When it comes to him adjusting to school life, he's been a champ. As for me... not so much.
There's a lot going on in "big" school. The structure, rules, activities and even parents, are NOTHING like to easy days of our Church's, 'Mother's Day Out Program.' Oh no, school is full of rules and surprises for first-time parents.
Below are ten lessons I learned the hard way about having a child in Pre-K. If you're a first-time parent, this may scare you a little. It's OK; it scared me too...
1. Pre-K is real school. Our Pre-K class is in the same school as grades k-8. So every morning, we join the large flow of kids entering the school. It's kind of chaotic. Parents and kids rushing through the doors. The parents are trying to get in and out as fast as possible. My kid is clinging to me for dear life.
Even though he likes school, we still do this sort of song-and-dance at drop-off where he clings to me and begs for one more hug or kiss. It's totally a toddler manipulation tactic.
2. There are field trips. On school buses. Without seat belts. Seriously. It's so freaking ridiculous to me that children are riding around on buses without seat belts. #Dumbassery
3. There are Parent/Teacher conferences. With progress reports. Being that I half-expected my kid to be thrown out of school in the first few weeks, after all, he is FTD's Mini-me, I expected an earful at Ollie's Parent Teacher Conference. Much to my disappointment, we didn't get it. (Look for post tomorrow on that. It deserves its own post.)

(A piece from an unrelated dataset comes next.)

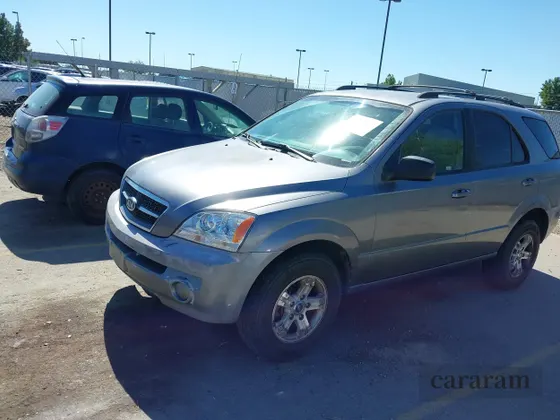 2005 Kia Sorento LX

4. There's a snack rotation. Once a month, I'm responsible for bringing in a snack for 21 kids. The pressure was almost too much to stand the first time. I had NO CLUE what to get. Or how much. I also didn't want to get a crap snack that was going to embarrass my three-year-old. You know, because somehow that would scar him for life.
I spent WAY too much time thinking about it.
5. Drop-off and pick-up are non-negotiable. School starts at 8:30 and ends when your child is scheduled to be picked up. Don't screw it up.
6. There's a PTO. I can barely keep up with my kid's events and engagements, no way can I join a committee that plans and puts on every single one. Plus, those moms kind of scare me a little.
7. The nurturing is still there. I was incredibly concerned about my little three-year-old going to school so soon. Yes, he's smart, and I know starting school early was the best thing, but he still needs to be held and nurtured. I needed to know that if he cried he would be held and soothed. Thankfully, he is. Very much so. I'm so thankful for this.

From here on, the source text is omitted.